Stored data:
##########

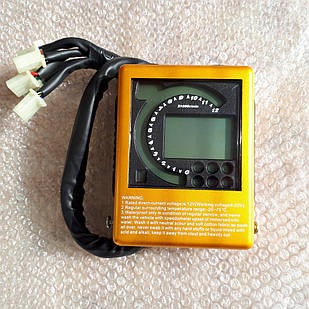 Спідометр квадроциклу Bashan та інших ATV 110 250куб см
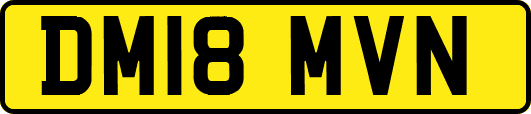 DM18MVN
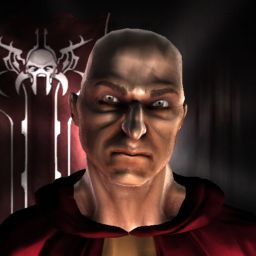 Netseck Strobor — legacy portrait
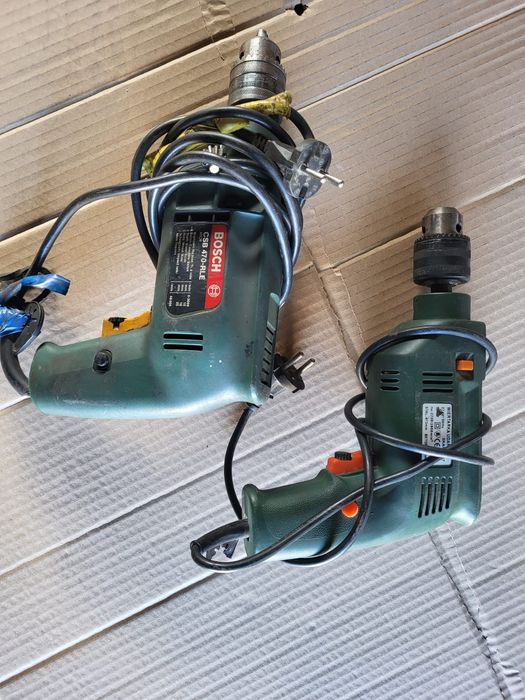 Wiertarki Udarowe Bosch CSB Skan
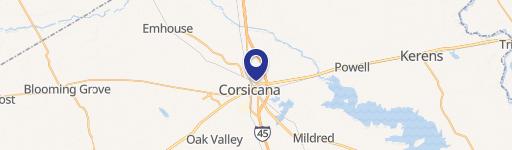 Corsicana, TX 75110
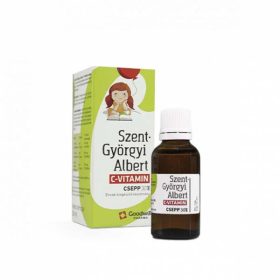 Szent-Györgyi Albert C-vitamin csepp (30 ml)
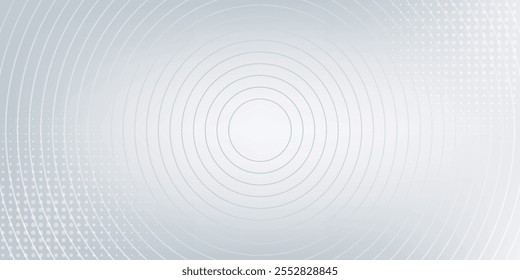 Ilustración vectorial de fondo abstracto moderno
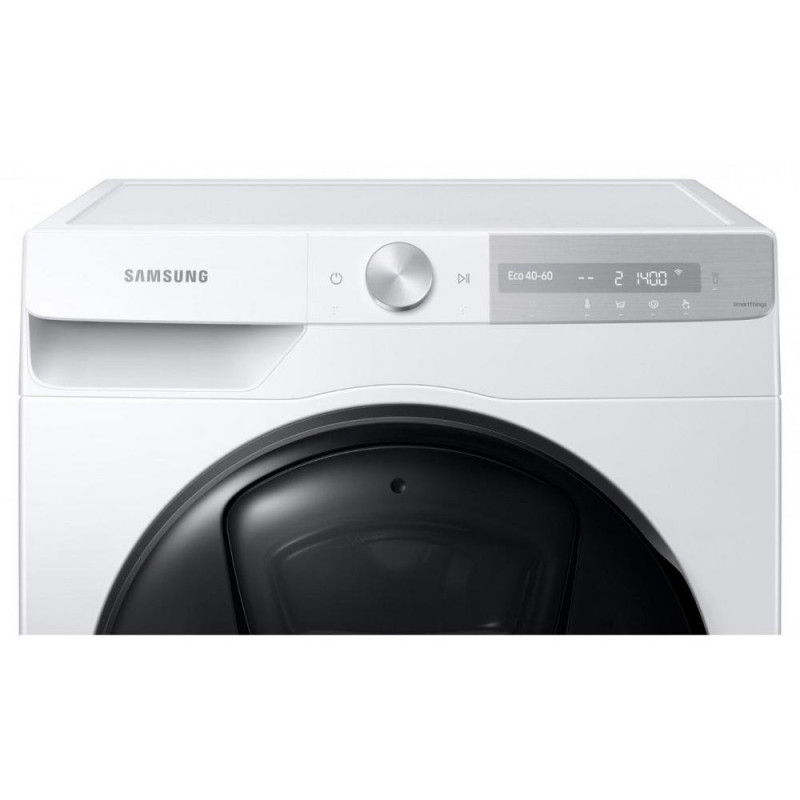 Прально-сушильна машина автоматична Samsung WD10T754CBH/UA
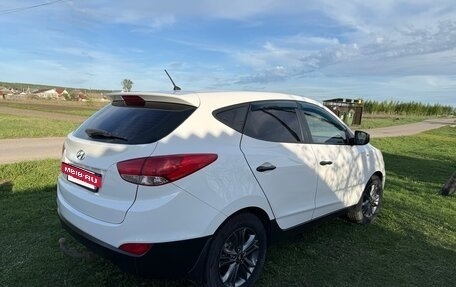 Hyundai ix35 I рестайлинг, 2014 год, 1 250 000 рублей, 7 фотография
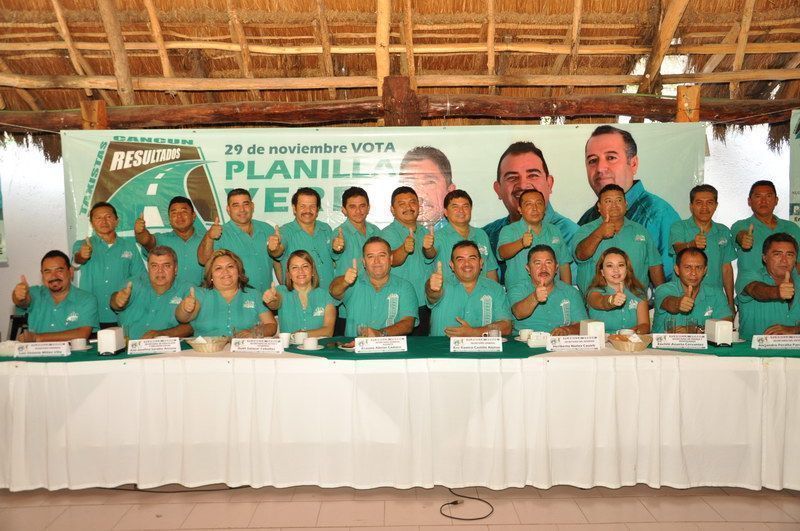  Erick Castillo propone recuperar credibilidad del sindicato de Taxistas de Cancún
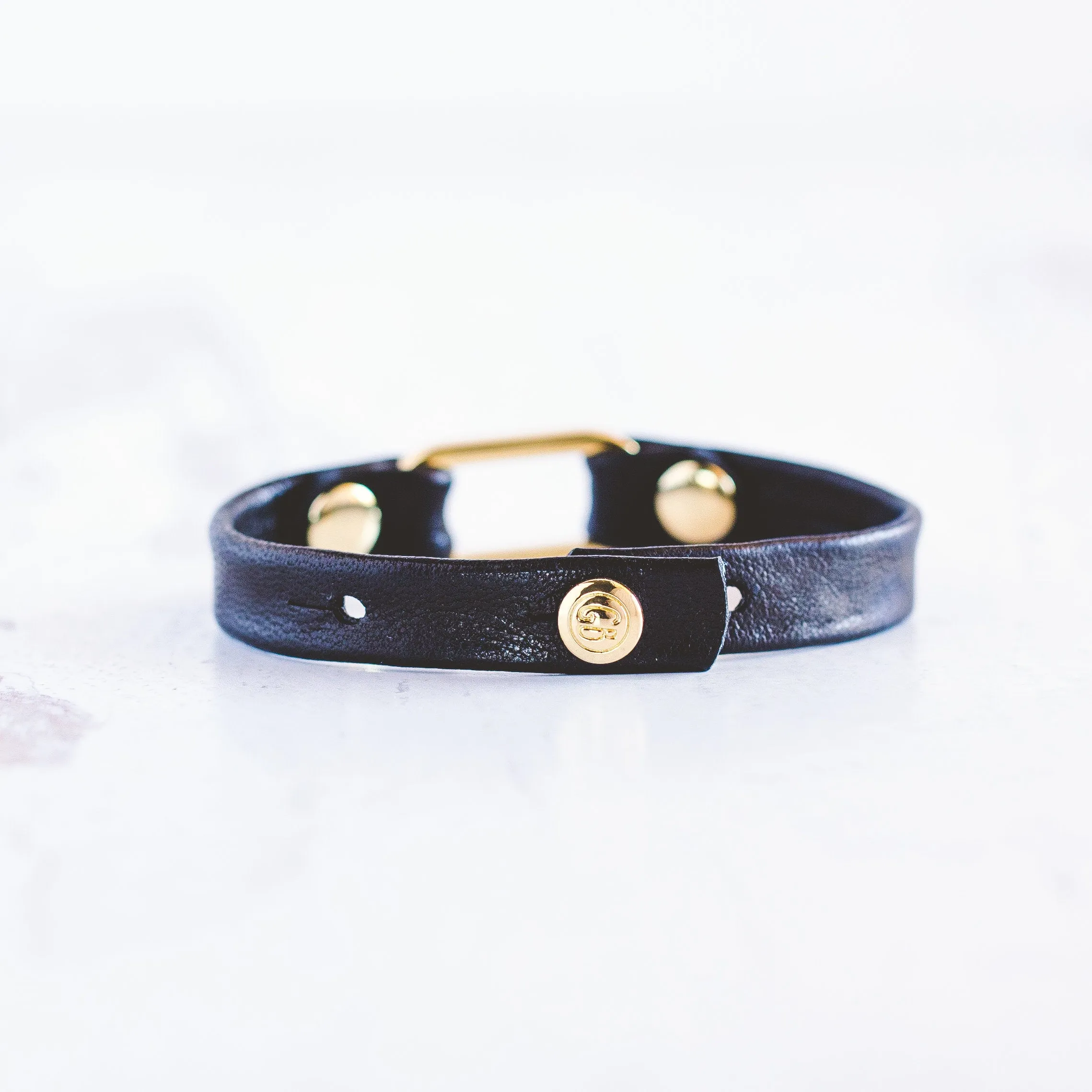 One Love Bracelet - Gold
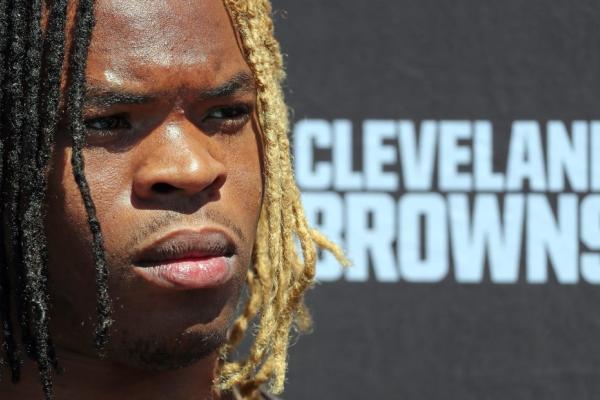 Report: Browns RB Quinshon Judkins expected to play vs. Ravens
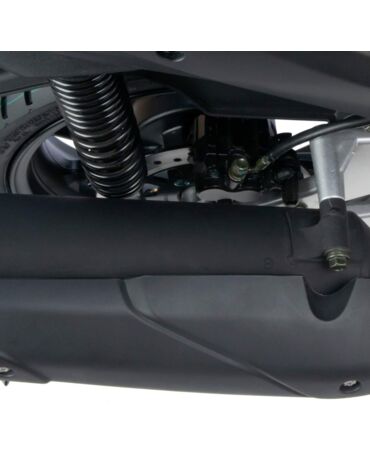 Скутер Motoland NVH 150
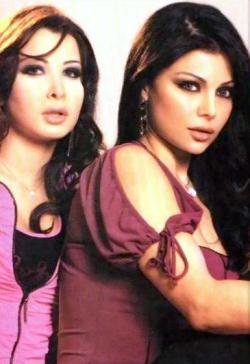 Haifaâ€™s fans accuse Nancy of excluding her from the Oprah Winfrey show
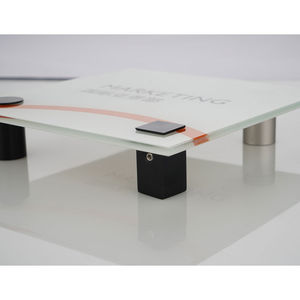 sistema de fijación aluminio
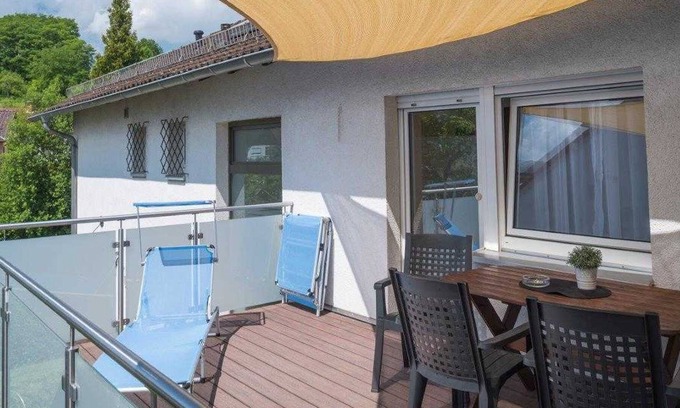 Birkenau Apartment | 4-room apartment no. 11 - BI-Ferienwohnungen Mildenberger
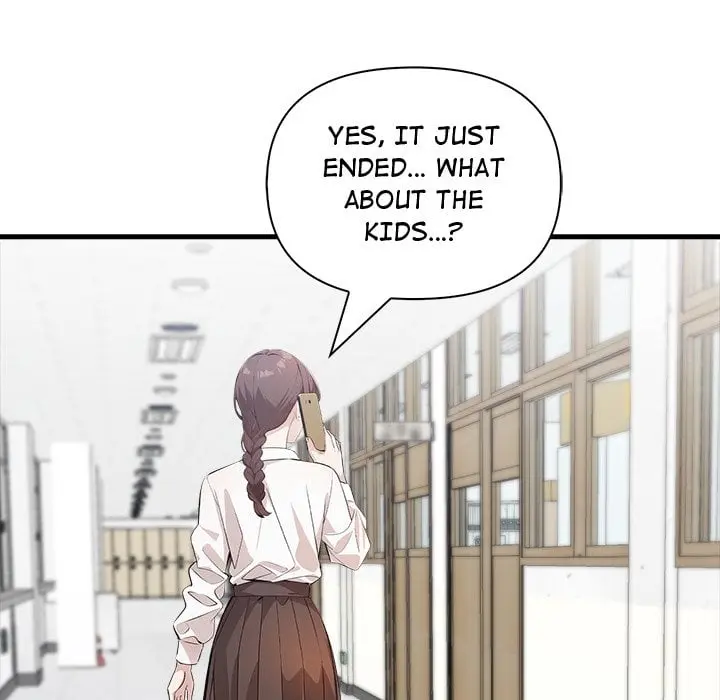 A Parent Teacher Affair Chapter 4 - Page 78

##########

> Required work: The images are to be left out while the entries are written out exactly.

> Problem solution:
 Спідометр квадроциклу Bashan та інших ATV 110 250куб см
 DM18MVN
 Netseck Strobor — legacy portrait
 Wiertarki Udarowe Bosch CSB Skan
 Corsicana, TX 75110
 Szent-Györgyi Albert C-vitamin csepp (30 ml)
 Ilustración vectorial de fondo abstracto moderno
 Прально-сушильна машина автоматична Samsung WD10T754CBH/UA
 Hyundai ix35 I рестайлинг, 2014 год, 1 250 000 рублей, 7 фотография
  Erick Castillo propone recuperar credibilidad del sindicato de Taxistas de Cancún
 One Love Bracelet - Gold
 Report: Browns RB Quinshon Judkins expected to play vs. Ravens
 Скутер Motoland NVH 150
 Haifaâ€™s fans accuse Nancy of excluding her from the Oprah Winfrey show
 sistema de fijación aluminio
 Birkenau Apartment | 4-room apartment no. 11 - BI-Ferienwohnungen Mildenberger
 A Parent Teacher Affair Chapter 4 - Page 78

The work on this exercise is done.